As the cost of living rises, rental arrears are becoming a larger issue for property managers. But one principal has found the secret to keeping his arrears rate at zero.
Award-winning BDM and coach Deniz Yusuf told Residential Property Manager that arrears had become a more noticeable problem lately.
“People are cutting back in this economy. We’re seeing people buying pushbikes because petrol is too expensive, we’re seeing people giving up smoking.
“And we’re not sheltered from this in real estate,” he said.
Even with reduced interest rates, the cost of living is squeezing landlords, according to Mr Yusuf.
“Landlords are ringing up property managers and asking for cuts to fees, while rental arrears are becoming more and more of a problem," he explained.
“It’s getting to the stage where the landlord needs the rent to pay the mortgage, so they’re on the phone to the property manager screaming, while the tenant is screaming for maintenance and unable to pay the rent.
“It all comes down to picking a good tenant in the first place, and a good agent will always pick a good tenant. They understand that it costs more in the long run if you put in a tenant who will fall into arrears and cause high amounts of wear and tear to a property.”
Cameron Ewers, principal at Pure Leasing in Western Australia is proud to have an arrears rate of zero per cent.
“You really need to have a proactive approach to rental arrears and set down the ground rules from day one,” Mr Ewers said.
“The tenant needs to know that there is a zero tolerance on rent arrears, and you need to be firm on that. Firm, but still fair.
“A lot of tenants have come from other property managers who were complacent and they expect the same thing to happen again.
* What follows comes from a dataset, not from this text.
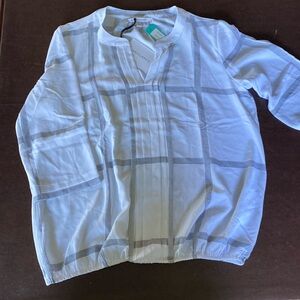 41 Hawthorn split neck 3/4 sleeve blouse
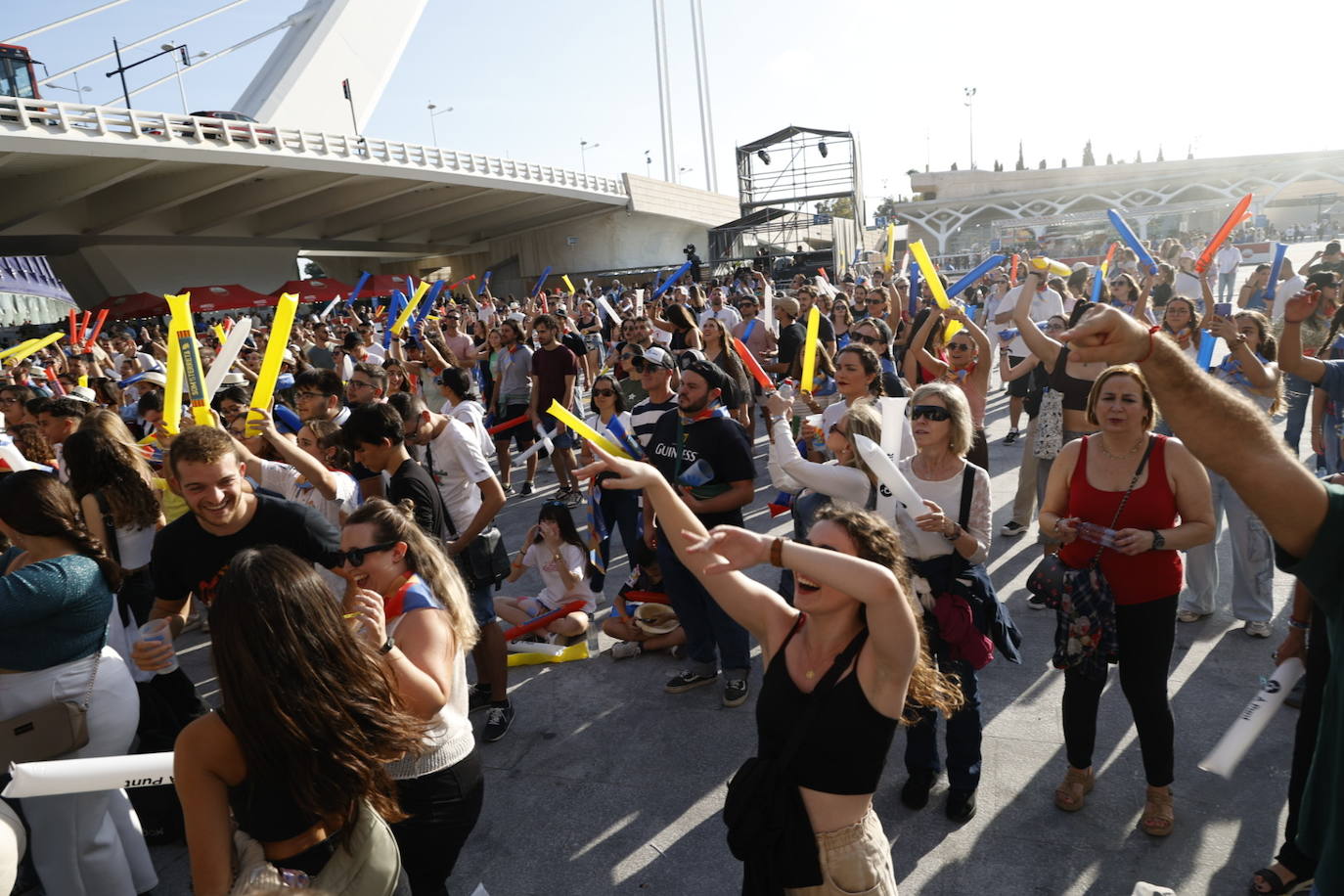 El festival &#039;Som de la terreta&#039; pone a bailar a la Ciudad de las Artes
They might expect a phone call on the third day of arrears asking for rent, and then a phone call each week afterwards asking for it.
“You need to come down like a tonne of bricks on people like that because they will continue to walk all over you and treat your business like a joke.”
Taking a hardline approach to unruly tenants might be out of some property managers comfort zones, but Mr Ewers swears that his method works.
“We issue seven-day termination notices and take matters to court on the eighth day if they fall into arrears. And in eight years, I’ve only had to go to court once,” he said.